La troisième saison du Bureau des légendes est sans conteste notre préférée. Plus que jamais, les agents très spéciaux sont en danger, et le spectateur ne sait pas par quels moyens ceux-ci peuvent sortir de leur bourbier. Loiseau est suspectée puis démasquée par le Mossad ; de son côté, Debailly est prisonnier de Daech. Non seulement l'équipe derrière la série se risque à filmer des ennemis contemporains très peu représentés dans la fiction (encore moins française), mais en plus elle le fait avec brio.

Pendant toute la saison, Debailly essaie à plusieurs reprises d'échapper à ses geôliers, tout en étant considéré comme un traître par son propre pays. En résulte des scènes de tension incroyables, mettant les nerfs du spectateur à rude épreuve. Là-encore, le programme ne recule pas devant sa grande ambition, et il a bien raison : avec sa troisième saison, la série s'impose comme incontournable. Dix épisodes placés sous le signe de l'épique comme du tragique, mais aussi d'une inévitable mélancolie, qui se poursuit à la saison suivante.

La suite ... et la fin ?

La conclusion de la saison 3 aurait pu constituer une très belle fin de série, et se ressentait comme telle, tout comme la fin de la saison 4 n'en appelait pas forcément une supplémentaire.
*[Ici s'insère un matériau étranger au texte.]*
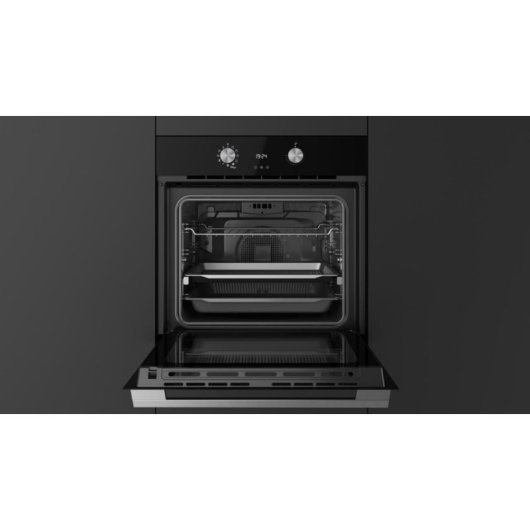 Forno elétrico Teka AirFry HLB 8406 P BK 71 litros Preto com funções autolimpeza e AirFry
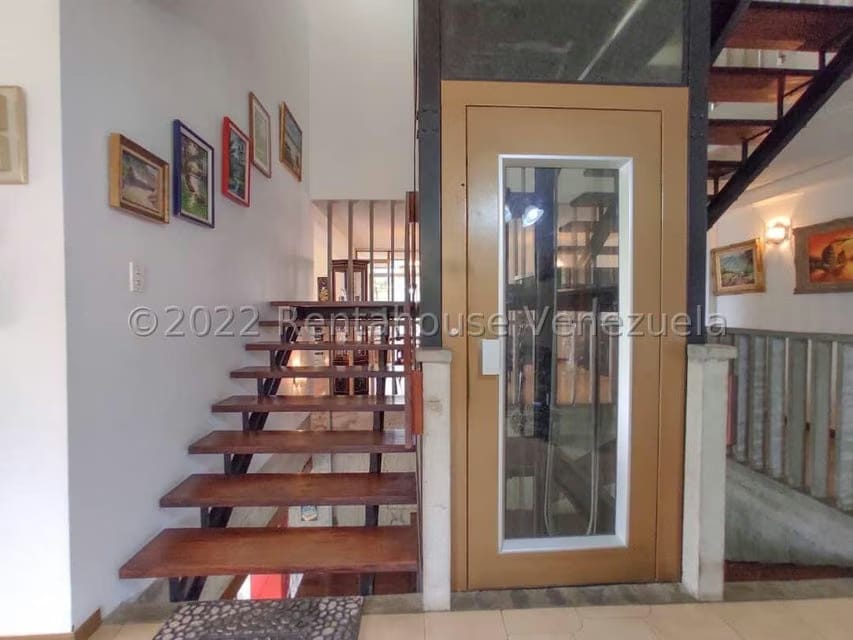 Casa (Multipes Niveles) en Venta en Club de Campo, Miranda - 4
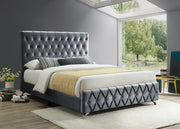 Lit en velours gris avec boutons à motif losange et pieds chromés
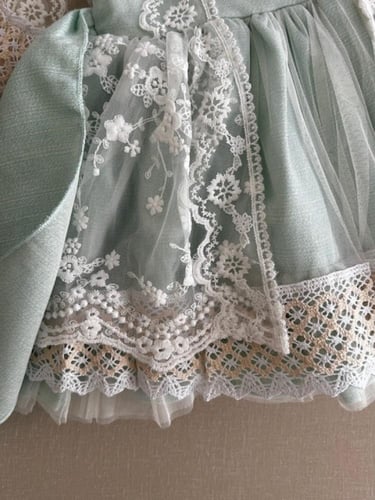 فستان مع قبعه فرنسيه وكلوت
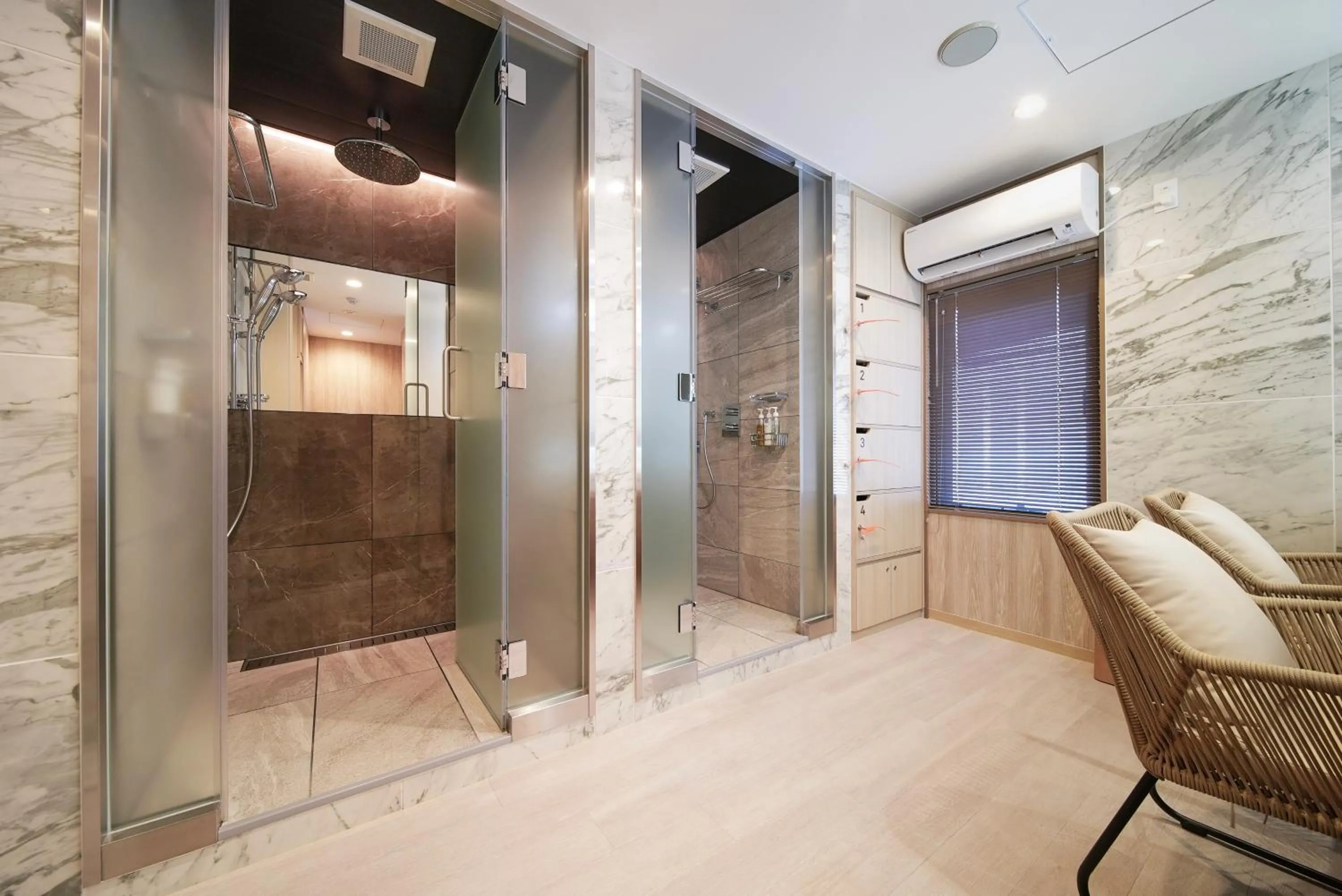 Shower in Super Hotel Shikoku-chuo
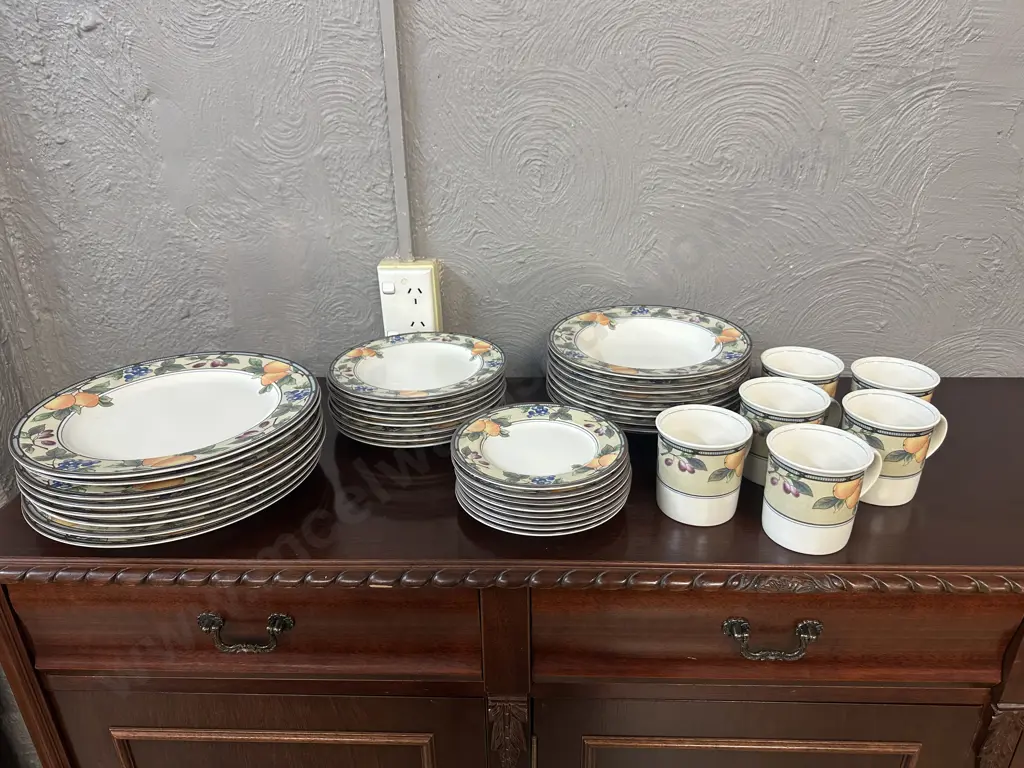 Mikasa Intaglio Garden Harvest Dinner Ware 38 Pieces CAC29 Image 1++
Mais finalement, difficile de bouder son plaisir : à l'instar d'autres grandes séries, Eric Rochant emmène la sienne vers de nouveaux horizons, ne cherchant pas à s'aventurer sur les mêmes territoires. Debailly, qui continue d'avoir une vie tragique, se retrouve à travailler pour les services secrets russes, le FSB, tandis qu'un nouveau cadre de l’administration (une formulation très franco-française !) du bureau qui s'occupe des "légendes" va tout faire pour le neutraliser, voire l'éliminer.

Centrée sur la cyber-guerre, cette nouvelle saison se concentre en toute logique sur une facette plus informatique, et tout aussi redoutable, des questions géopolitiques. Elle arrive ainsi à se réinventer, et encore une fois sa fin nous emmenait à penser qu'elle serait la dernière partie. C'est dire si nous sommes curieux de voir ce que va donner la saison 5 : quelles territoires allons nous explorer ? Le statut de Debailly à la fin de la saison 4 est-il définitif ? C'est peut-être à cela qu'on reconnaît les grandes séries : à leur capacité de constamment nous surprendre, à toujours nous tenir en haleine. Tels les agents qui y sont mis en scène, Le Bureau des légendes a le talent pour mettre à mal nos certitudes - et le pire, c'est qu'on en est ravis !

Le Bureau des légendes saison 5, à partir du 5 avril 2020 sur Canal +.